An innovative state program has helped transform nearly 300 classified employees into credentialed teachers, with about 2,000 more staff in the pipeline, according to a report from the Commission on Teacher Credentialing.

The Classified School Employee Teacher Credentialing Program pays local school districts $4,000 annually for each participant. Most of the funding covers tuition, books and other education costs. Staff have five years to complete the program.

The CFT co-sponsored the legislation that created this program as a way to address California’s critical teacher shortage. According to a recent Learning Policy Institute survey of school districts, 80 percent reported experiencing a teacher shortage. In addition, there has been a 70 percent drop in enrollment in teacher preparation programs over the last decade.

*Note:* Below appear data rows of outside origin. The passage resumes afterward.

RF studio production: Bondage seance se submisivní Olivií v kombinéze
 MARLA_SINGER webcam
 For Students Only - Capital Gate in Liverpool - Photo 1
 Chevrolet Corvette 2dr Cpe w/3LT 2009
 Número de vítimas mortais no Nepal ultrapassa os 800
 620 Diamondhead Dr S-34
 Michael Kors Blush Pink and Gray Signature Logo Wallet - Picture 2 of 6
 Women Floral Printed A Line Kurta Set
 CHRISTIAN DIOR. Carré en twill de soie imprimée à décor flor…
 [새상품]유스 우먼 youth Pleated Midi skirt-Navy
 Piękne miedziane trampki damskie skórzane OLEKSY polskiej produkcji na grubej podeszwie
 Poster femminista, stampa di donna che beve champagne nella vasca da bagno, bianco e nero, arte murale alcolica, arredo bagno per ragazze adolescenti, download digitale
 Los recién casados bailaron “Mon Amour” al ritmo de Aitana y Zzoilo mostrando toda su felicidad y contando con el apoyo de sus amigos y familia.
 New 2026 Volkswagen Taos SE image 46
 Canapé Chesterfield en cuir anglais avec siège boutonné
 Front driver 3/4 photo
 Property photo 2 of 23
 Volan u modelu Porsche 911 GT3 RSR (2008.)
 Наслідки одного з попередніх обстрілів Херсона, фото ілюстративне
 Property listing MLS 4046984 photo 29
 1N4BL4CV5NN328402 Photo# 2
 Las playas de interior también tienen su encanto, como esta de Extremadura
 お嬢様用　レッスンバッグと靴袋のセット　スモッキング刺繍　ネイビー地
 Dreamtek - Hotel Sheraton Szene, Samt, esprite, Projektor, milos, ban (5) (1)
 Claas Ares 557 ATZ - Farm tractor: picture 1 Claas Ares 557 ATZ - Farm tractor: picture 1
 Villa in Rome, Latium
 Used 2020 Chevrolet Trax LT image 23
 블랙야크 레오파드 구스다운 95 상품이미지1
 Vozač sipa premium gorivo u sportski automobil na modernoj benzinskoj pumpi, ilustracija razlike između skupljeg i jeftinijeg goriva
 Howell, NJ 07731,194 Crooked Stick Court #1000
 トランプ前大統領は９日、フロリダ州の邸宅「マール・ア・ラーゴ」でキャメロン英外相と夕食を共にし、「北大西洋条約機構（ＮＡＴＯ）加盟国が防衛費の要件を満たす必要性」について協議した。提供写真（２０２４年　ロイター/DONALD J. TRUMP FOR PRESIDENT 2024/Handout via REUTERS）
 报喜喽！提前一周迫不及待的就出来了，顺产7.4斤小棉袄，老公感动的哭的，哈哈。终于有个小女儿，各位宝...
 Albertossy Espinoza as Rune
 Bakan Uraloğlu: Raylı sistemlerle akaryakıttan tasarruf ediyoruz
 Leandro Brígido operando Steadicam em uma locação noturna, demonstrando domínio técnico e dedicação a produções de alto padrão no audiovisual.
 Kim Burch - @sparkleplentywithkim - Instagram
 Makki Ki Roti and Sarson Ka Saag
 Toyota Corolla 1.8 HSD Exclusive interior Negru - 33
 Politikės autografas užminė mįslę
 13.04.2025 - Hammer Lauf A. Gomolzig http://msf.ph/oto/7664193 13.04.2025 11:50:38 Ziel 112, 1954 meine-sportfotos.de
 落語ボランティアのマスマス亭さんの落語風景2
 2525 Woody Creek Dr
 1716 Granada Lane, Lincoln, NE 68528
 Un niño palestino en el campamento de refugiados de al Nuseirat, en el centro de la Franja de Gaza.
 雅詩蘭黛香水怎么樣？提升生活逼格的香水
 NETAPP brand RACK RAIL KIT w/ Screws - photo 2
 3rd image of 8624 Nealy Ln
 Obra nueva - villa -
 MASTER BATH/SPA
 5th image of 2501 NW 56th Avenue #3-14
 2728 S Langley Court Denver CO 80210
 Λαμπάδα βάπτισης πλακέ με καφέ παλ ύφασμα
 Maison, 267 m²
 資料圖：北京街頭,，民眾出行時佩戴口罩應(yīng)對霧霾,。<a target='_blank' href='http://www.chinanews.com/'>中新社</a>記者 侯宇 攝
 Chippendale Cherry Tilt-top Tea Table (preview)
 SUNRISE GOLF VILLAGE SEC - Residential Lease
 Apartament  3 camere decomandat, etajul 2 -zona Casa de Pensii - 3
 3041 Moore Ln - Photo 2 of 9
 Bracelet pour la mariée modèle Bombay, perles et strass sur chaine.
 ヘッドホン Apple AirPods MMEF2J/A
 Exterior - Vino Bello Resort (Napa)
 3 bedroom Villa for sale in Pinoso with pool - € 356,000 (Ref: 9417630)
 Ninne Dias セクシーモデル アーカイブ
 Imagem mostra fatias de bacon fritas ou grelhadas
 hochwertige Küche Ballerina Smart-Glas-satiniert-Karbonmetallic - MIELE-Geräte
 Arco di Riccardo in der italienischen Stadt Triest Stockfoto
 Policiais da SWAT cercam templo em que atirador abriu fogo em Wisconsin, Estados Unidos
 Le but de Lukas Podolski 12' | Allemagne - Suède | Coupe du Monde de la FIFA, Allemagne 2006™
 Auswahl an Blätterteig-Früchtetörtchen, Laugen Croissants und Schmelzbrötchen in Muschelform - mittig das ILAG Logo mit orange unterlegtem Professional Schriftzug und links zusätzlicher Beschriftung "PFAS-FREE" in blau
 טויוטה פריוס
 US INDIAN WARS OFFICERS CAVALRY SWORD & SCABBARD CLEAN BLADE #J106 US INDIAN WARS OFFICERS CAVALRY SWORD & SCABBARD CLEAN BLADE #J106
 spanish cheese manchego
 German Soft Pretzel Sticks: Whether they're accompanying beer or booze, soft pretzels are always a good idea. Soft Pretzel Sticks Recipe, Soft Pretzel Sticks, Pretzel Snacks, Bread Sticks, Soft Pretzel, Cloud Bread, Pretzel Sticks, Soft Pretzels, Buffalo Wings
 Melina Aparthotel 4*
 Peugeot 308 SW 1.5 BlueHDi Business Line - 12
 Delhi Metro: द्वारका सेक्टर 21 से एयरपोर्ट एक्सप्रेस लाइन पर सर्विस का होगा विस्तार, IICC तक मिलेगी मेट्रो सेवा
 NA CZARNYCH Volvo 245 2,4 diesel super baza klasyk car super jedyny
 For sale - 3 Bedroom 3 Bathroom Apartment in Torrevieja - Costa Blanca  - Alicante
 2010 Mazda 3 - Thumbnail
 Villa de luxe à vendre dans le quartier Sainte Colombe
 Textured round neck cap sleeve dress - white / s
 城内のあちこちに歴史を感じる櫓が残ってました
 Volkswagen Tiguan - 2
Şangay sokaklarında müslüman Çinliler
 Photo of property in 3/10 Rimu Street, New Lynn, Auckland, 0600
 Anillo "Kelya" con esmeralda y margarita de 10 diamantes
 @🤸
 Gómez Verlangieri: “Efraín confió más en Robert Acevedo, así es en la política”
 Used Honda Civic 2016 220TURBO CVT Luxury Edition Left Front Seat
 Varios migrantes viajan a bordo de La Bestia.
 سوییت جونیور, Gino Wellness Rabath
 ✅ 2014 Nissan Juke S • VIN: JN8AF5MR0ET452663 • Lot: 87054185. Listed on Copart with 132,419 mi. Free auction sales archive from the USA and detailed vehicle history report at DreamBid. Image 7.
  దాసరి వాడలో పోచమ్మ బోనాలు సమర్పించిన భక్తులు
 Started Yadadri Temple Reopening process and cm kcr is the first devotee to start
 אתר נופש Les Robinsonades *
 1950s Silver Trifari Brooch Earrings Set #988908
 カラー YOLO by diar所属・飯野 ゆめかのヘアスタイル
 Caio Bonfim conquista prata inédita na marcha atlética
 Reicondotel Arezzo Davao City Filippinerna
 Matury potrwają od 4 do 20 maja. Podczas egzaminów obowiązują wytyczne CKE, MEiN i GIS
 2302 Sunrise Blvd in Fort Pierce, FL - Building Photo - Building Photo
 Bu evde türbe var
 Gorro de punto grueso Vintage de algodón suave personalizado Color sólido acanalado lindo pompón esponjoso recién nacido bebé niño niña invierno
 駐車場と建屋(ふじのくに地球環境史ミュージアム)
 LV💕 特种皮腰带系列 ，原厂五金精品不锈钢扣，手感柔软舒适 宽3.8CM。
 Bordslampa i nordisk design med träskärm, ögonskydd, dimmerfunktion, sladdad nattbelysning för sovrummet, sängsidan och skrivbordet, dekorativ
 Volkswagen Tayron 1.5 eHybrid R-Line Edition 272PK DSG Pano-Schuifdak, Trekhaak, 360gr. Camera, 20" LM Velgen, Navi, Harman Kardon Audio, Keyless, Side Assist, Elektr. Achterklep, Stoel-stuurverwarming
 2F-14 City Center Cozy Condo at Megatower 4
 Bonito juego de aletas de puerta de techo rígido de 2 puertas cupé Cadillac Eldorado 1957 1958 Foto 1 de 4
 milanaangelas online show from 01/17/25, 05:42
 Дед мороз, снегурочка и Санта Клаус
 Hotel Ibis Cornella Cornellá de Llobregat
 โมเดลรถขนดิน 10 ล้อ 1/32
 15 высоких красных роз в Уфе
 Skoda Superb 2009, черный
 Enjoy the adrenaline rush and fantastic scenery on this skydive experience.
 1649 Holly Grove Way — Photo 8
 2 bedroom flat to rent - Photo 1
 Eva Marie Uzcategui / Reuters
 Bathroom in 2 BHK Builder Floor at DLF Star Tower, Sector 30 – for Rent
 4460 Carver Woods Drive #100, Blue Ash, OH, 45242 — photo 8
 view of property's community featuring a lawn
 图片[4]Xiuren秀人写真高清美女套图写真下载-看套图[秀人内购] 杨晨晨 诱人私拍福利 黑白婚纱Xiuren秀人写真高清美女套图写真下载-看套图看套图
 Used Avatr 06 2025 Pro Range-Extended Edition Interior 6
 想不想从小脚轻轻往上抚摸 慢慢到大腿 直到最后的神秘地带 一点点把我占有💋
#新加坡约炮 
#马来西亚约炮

The Legislature allocated $20 million in 2016 for the classified employee credentialing program. It committed an additional $25 million in 2017 to recruit staff, support their undergraduate education and teacher preparation, and see them through certification.

Assemblyman Kevin McCarty (D-Sacramento) introduced the legislation that created the program. “A qualified teacher in the classroom has a big correlation to student success. If this program can produce 2,000 teachers, that’s a third of the classrooms that have uncredentialed teachers today.”

McCarty, who chairs the Assembly Budget Subcommittee on Education Finance, said (before the coronavirus pandemic) that he expects legislators will approve additional funding for the program in the 2020-21 budget. 

“It looks like we’ll have some opportunities for some smart investments and this looks like one of those,” McCarty said. 

This is why CFT strongly supports the governor’s proposal to provide a $61.4 million reinvestment in the classified credentialing program. (Editor’s note: The funding was approved.)

The highly lauded program has helped accomplish two educational priorities: getting more qualified teachers into classrooms, and a more diverse workforce with similar family incomes and ethnicities as their students.

According to the recent survey by the Commission on Teacher Credentialing, 62 percent of teachers identified as white, while 21 percent identified as Latin.

The CTC survey of 2016 and 2017 credentialing program participants paints a very different portrait:

  • Latin –  41 percent
  • White – 32.4 percent
  • Asian –  6.6 percent
  • Black – 5.6 percent

An additional 4.4 percent identified as mixed ethnicity and 9 percent declined to answer that survey question.